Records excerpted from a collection

——

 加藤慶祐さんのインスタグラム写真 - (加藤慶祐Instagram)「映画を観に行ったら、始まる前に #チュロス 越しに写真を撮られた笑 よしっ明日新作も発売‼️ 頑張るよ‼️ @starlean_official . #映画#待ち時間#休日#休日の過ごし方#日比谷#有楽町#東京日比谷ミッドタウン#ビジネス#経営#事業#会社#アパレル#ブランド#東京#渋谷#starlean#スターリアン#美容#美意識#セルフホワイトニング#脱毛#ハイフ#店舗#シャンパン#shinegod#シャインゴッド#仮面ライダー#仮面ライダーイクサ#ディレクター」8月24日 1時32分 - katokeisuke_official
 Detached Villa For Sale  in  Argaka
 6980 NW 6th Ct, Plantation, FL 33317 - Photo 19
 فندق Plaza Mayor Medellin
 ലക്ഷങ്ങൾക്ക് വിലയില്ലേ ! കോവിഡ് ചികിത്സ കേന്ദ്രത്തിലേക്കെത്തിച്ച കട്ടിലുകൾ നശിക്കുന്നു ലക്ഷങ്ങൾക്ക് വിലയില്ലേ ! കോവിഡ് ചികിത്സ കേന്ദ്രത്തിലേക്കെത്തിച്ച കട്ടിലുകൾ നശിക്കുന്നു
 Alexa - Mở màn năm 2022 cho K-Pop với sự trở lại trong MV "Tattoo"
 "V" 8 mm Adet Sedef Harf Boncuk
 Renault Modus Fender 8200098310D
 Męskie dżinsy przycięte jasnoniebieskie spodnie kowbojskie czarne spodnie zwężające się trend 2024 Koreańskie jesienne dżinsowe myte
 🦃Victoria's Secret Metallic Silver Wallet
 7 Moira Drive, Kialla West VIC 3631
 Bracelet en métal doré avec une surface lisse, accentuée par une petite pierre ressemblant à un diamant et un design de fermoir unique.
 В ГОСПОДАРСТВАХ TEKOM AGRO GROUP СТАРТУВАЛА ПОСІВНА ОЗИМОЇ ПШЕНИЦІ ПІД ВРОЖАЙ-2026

——

▶ [What is expected]
Up to and including the line that contains "Renault Modus Fender 8200098310D", output the records above exactly, beginning with their first line.

▶ [Answer to this task]
 加藤慶祐さんのインスタグラム写真 - (加藤慶祐Instagram)「映画を観に行ったら、始まる前に #チュロス 越しに写真を撮られた笑 よしっ明日新作も発売‼️ 頑張るよ‼️ @starlean_official . #映画#待ち時間#休日#休日の過ごし方#日比谷#有楽町#東京日比谷ミッドタウン#ビジネス#経営#事業#会社#アパレル#ブランド#東京#渋谷#starlean#スターリアン#美容#美意識#セルフホワイトニング#脱毛#ハイフ#店舗#シャンパン#shinegod#シャインゴッド#仮面ライダー#仮面ライダーイクサ#ディレクター」8月24日 1時32分 - katokeisuke_official
 Detached Villa For Sale  in  Argaka
 6980 NW 6th Ct, Plantation, FL 33317 - Photo 19
 فندق Plaza Mayor Medellin
 ലക്ഷങ്ങൾക്ക് വിലയില്ലേ ! കോവിഡ് ചികിത്സ കേന്ദ്രത്തിലേക്കെത്തിച്ച കട്ടിലുകൾ നശിക്കുന്നു ലക്ഷങ്ങൾക്ക് വിലയില്ലേ ! കോവിഡ് ചികിത്സ കേന്ദ്രത്തിലേക്കെത്തിച്ച കട്ടിലുകൾ നശിക്കുന്നു
 Alexa - Mở màn năm 2022 cho K-Pop với sự trở lại trong MV "Tattoo"
 "V" 8 mm Adet Sedef Harf Boncuk
 Renault Modus Fender 8200098310D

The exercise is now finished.